Jewish friends have invited my wife and me - both Roman Catholic - to attend a seder. In addition to a Bible, is there anything we should bring, like flowers, etc.? Our hosts will provide the meal. Can we participate by offering a prayer? The more Bible study we do, the more we learn of how we're connected to our Jewish brothers and sisters.

- E. and J., via e-mail


The Passover meal, also called the seder, is one of the most spiritually fulfilling Jewish events for Christians to share. Father Tom Hartman, my best friend and former partner in the God Squad, always enjoyed coming to our family seder. Both the food and the rituals stuffed him and filled him.

The seder meal is rich in meaning for both Jews and Christians because it's the first example of God's saving power to a group.

Before the Exodus from Egypt, God had blessed one particular family of Abraham, Isaac and Jacob and then Joseph. In the Exodus, the blessing of freedom from slavery was given to an entire nation - the Israelites (the Jewish people). Also, the Bible teaches (in Exodus) that in addition to freeing the Israelites, many non-Jewish slaves were freed by God from the house of bondage. The entire group leaving Egypt was called a "mixed multitude."

Another link between the Passover meal and Christianity is, of course, the Gospel accounts that say Jesus' last supper was a Passover meal. We see this in Luke 22: 7, 8, 11, 13, and most clearly in verse 15: "I have earnestly desired to eat this Passover with you before I suffer." John 19:14 seems to indicate the meal was the night before Passover, but the connection with Passover is clear. As Paul taught in Romans 11, Christianity is like a branch grafted onto an old olive tree - different branches from a tree with a single trunk and common roots. That's how we ought to make our way in the world - as different branches of the same tree.

As for what to bring, say or do when attending the seder, I'd suggest leaving your Bible at home; you don't want to appear to be checking up on your hosts. Due to dietary issues, I'd urge you to bring flowers, not food. Just follow the leader of the seder and do what he or she tells you. At most seders, the leader allows everyone at the table to participate by reading a part of the seder story called the Haggadah.

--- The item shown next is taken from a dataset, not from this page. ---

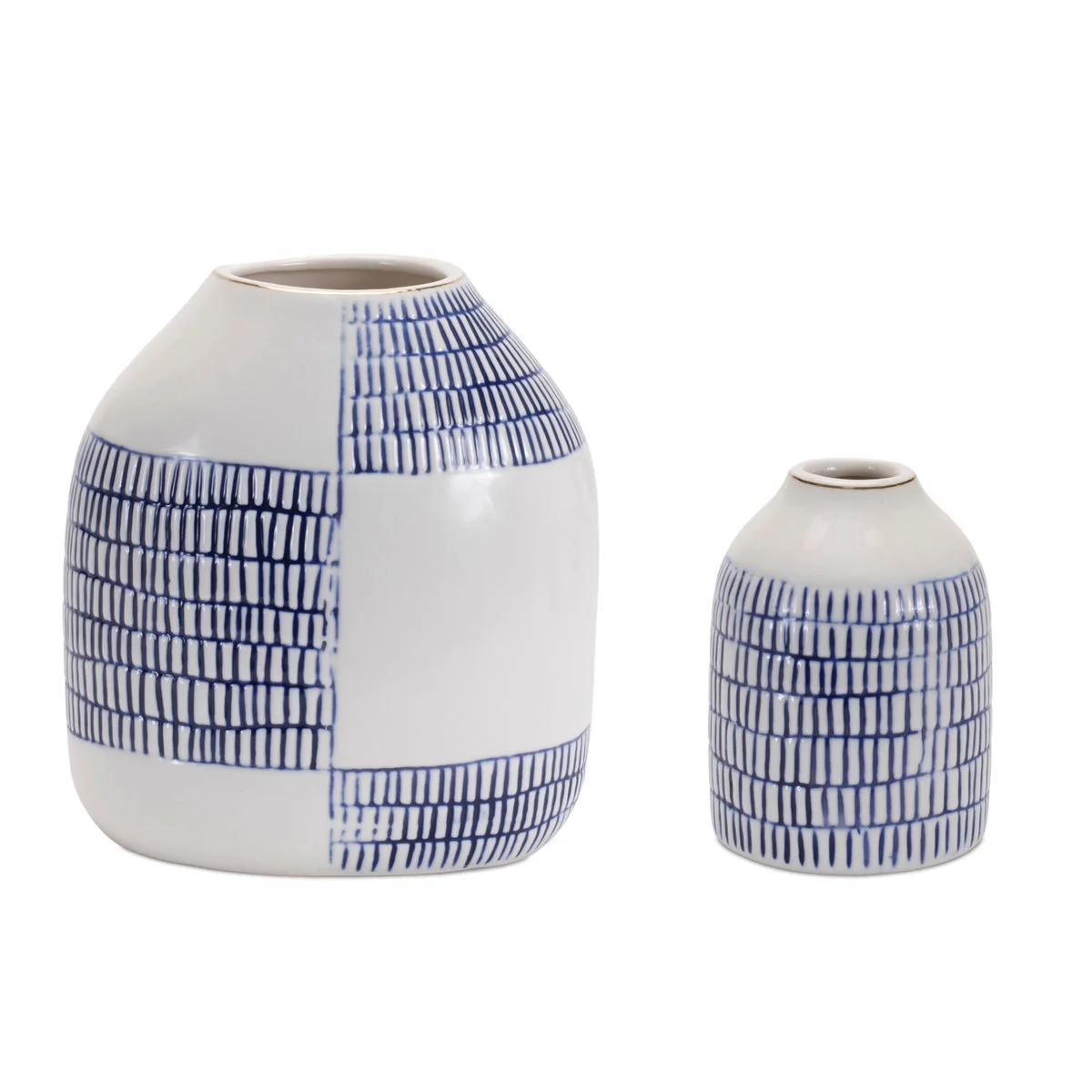 Vase Set – White & Blue – 4 & 6.5 Inch Ceramic Bud Vases, Set of 2 – By Melrose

The Passover Haggadah is the script for the rituals during the meal. There are many versions, but all include the story of the Exodus, songs and several important rituals before and after the meal. You'll be dipping parsley into saltwater and eating it to symbolize both springtime and the tears of slavery. You'll be eating horseradish mixed with haroset, a tasty combination of nuts, wine, apples and spices, to symbolize the bitterness of slavery and also the mortar used to build Pharaoh's buildings. You'll also eat matzoh and drink four cups of wine. (You might want to appoint a designated seder driver.) You'll open the door for Elijah the Prophet, who, by legend, will come to announce the coming of the Messiah for the first time (our count) or the second time (your count). You'll dip out 10 drops of wine in sorrowful memory of all the Egyptians who died during the plagues over Egypt preceding the Exodus.

My deepest belief in the spiritual value of the seder for Christians is that the Passover meal and the Eucharist, which began as a Passover meal, are now two of the most powerfully symbolic religious meals in history. They're linked, and inspire and transform all the believers who share them.

As the Jewish philosopher Martin Buber taught, understanding their differences is the best way to understand the similarities between Judaism and Christianity. The seder is a meal eaten for God, while the Eucharist is a meal eaten of God.

In the Eucharist, bread and wine become the body and blood of Christ. In the seder, unleavened bread (matzoh) remains bread but is a symbol of other bread eaten during the Exodus by those who didn't have time to let the dough rise. The wine remains wine but is a symbol of joy and of God's four (or possibly five) promises of redemption found in Exodus, chapter 6. Judaism, unlike Christianity, doesn't have the Incarnation in its belief structure, but like Christianity, it embraces the belief that history is the record of God's saving power.

There's an invitation in the seder for all who are hungry to come and eat, so come hungry! I'm certain you'll enjoy yourself and discover that during the seder meal there are no prayers a Christian can't say in full faith.

The Passover meal is our common link not only to God's promise of freedom but also to the enduring possibility of friendship among what the Pope called "My brothers and sisters in faith."